Худенькая

Худенькая. Она была ужасно худенькая. Нет, не от того, что специально "стройнила" себя и гналась за модельной внешностью, нет. Её худоба была болезненной, весь вид её был нездоровым. Огромные голубые глаза, украшенные ровными, пышными ресничками, прелестный мягкий взгляд с оттенком тоски где-то в глубине, на самом дне глазного зрачка. И, пожалуй, это всё, что было привлекательного и великолепного в её измученной, в остальном, внешности. Но мне всегда этого было достаточно, всегда хватало, чтобы приятно поговорить с ней, чтобы натянуть невидимую нить между нашими глазами и почувствовать мысли друг друга. Да, я верно понимал её всегда, чувствовал ту необратимую, бездонную связь и наших эмоций, и наших взглядов, и наших систем координат в этой мировой конструкции. Достаточно было легкого движения, кроткого взора, открытой улыбки и всё было ясно, и свет этой ясности был ярче и доходчивее многих слов. От того мы были прекрасными друзьями, виделись редко, но бывало; чашечка кофе, телефонный звонок, может еще переписки, которая она ненавидела в виду своего фанатичного преклонения перед живым общением.
Я всегда помню её такой, ведь мы и познакомились когда она уже болела, болела хворью с дурацким названием представителя одного из членистоногих, какой идиот придумал этот термин, не знаю.
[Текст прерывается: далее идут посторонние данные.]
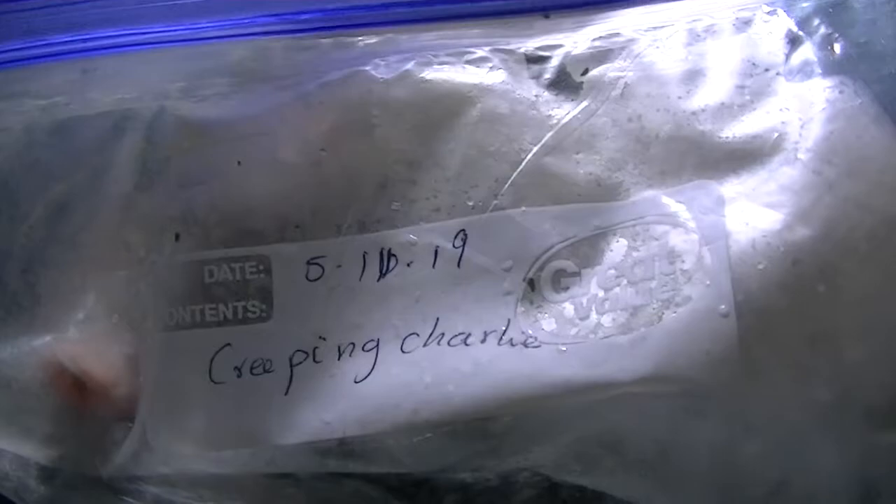I can also show you the soup I made yesterday. I used creeping charlie and dandelion from the garden. Here are the remaining herbs — I harvest them, chop them up, and store them here in my veggie tips freezer section.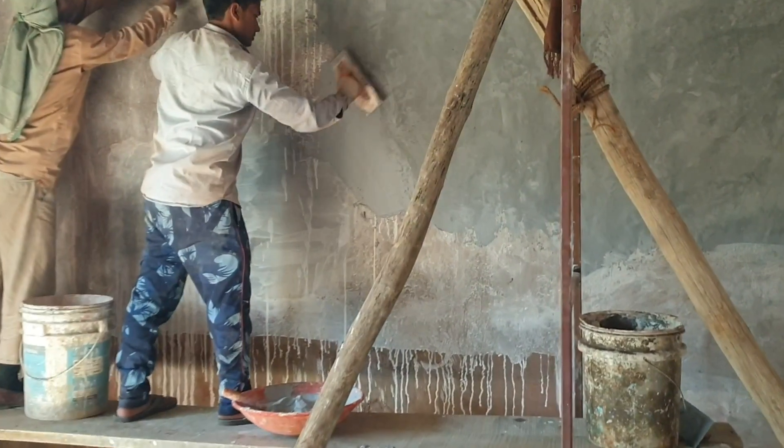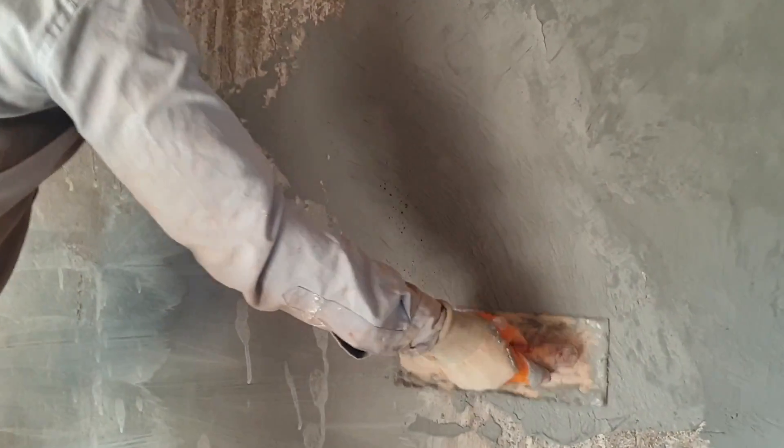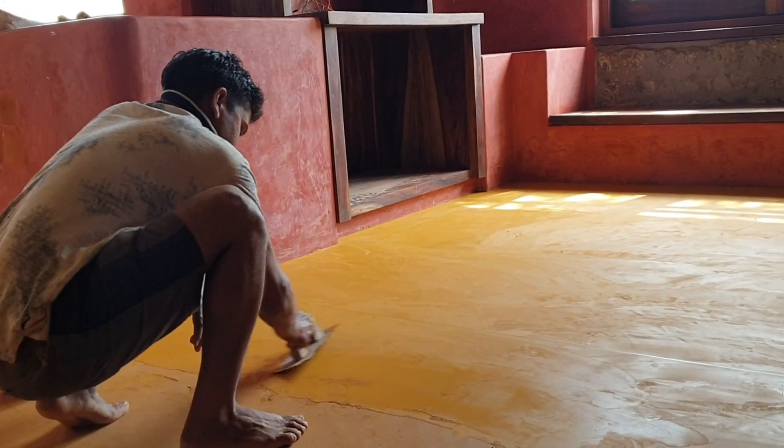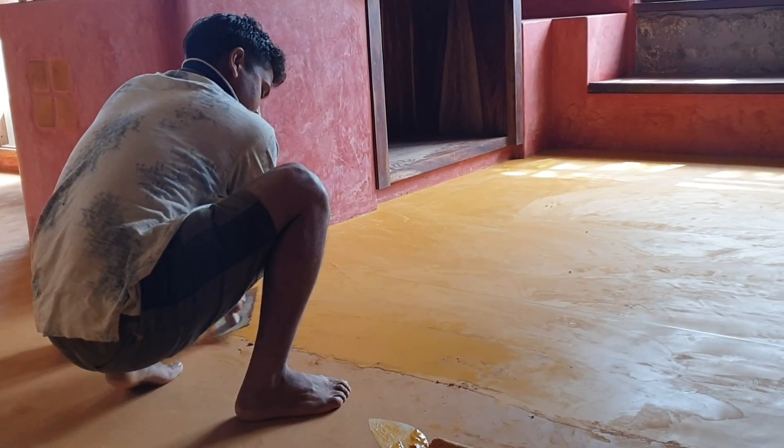We've used a couple of different types of surface finishes. Wherever we did not need a waterphobic surface, we've used a simple textured no-paint punning, and in areas like the bathrooms, kitchens and the floors where we needed a waterphobic surface, we finished them up with a polished lime surface finish. On external walls, like the kind right behind me, we've done a simple humble lime wash which helps to protect the walls from the elements.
А ведь, это - чума, это просто чума, обычная, современная чёрная смерть из средневековья, которая забирает миллионами, как и тогда, в тёмные века. Но нам страшно в этом признаться, нам тяжело заметить и показать беспомощность всего нашего прогресса, а она, эта чума, медленно и спокойно приходит и сжирает жизни, испытывая их болью, пропитывая муками.
Я помню хорошо тот день, до звонка он был абсолютно обычным, но этот звонок оставил след и врезался в память неистовой печатью, и теперь навсегда окрасил мутно-жёлтой краской эту дату в календаре. Звонила её мать, звала в больницу. Ей было совсем плохо, говорить она уже не могла. Мы встретились взглядами, до сих пор помню, как я почувствовал жаркий холод, и помню, как хрустальная нитка протянулась между нашими глазами и разрезала спёртый воздух больничной палаты, она улыбнулась, и дрожащей рукой подала мне записку на внешней стороне которой было изрезано ручкой: "Прочти после."
От волнения я с небрежным видом спрятал её в карман, и почувствовал как слёзы защекотали мне щёки.
Умерла она поздно вечером, совсем незадолго до начала нового, только для меня нового, дня.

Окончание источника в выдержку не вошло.